An essential feature of RefDens is its independence of experimental data other than the model coordinates and therefore it can be applied to any structural model, like structures determined by NMR spectroscopy, since the electron density is computed from the input model by standard procedures as used in X-ray analysis. The evaluation of 79 NMR structures with high quality X-ray counterparts shows that RefDens reliably identifies unfavorable side-chain conformations in NMR structures.

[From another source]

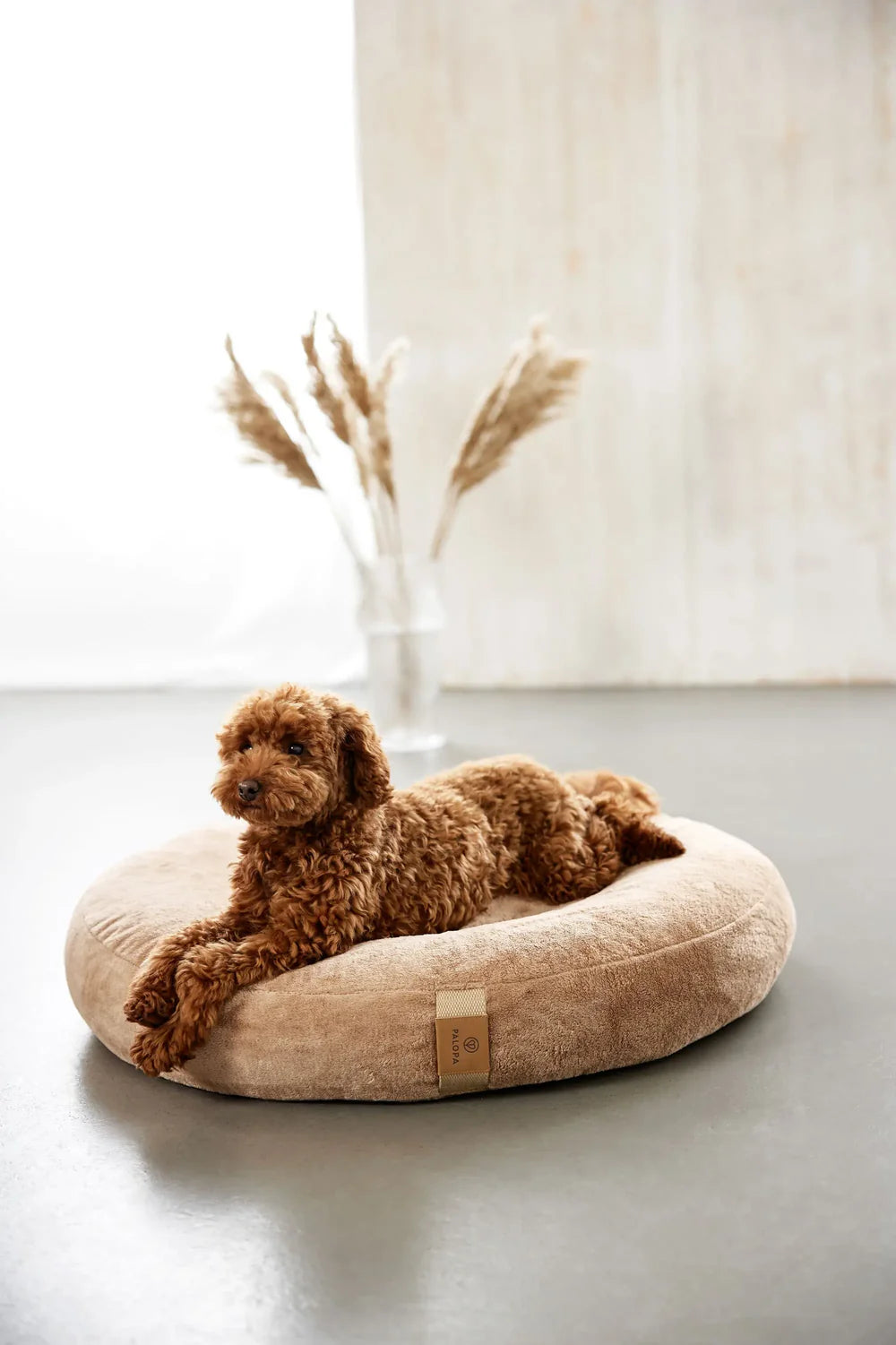 Hundebett Rund - Fippa, Humus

We are convinced that RefDens is of considerable interest for researchers in NMR spectroscopy. The analysis of the electron density environment has several methodological advantages as compared to classic structure quality assessment approaches, including the independence from the frequency of certain atom types in the training set (e.g., seldomly observed ligands atoms…), the direct steric depiction of the problematic regions and the natural combination of multiple pairwise distance violations into a single score. The evaluation of a single side-chain using RefDens takes less than a quarter of a second on a standard desktop computer. Therefore it allows the calculation of electron excess scores for large number of different models. Further research will be concentrated on the inclusion of main chain densities and the automated correction of unrealistic densities.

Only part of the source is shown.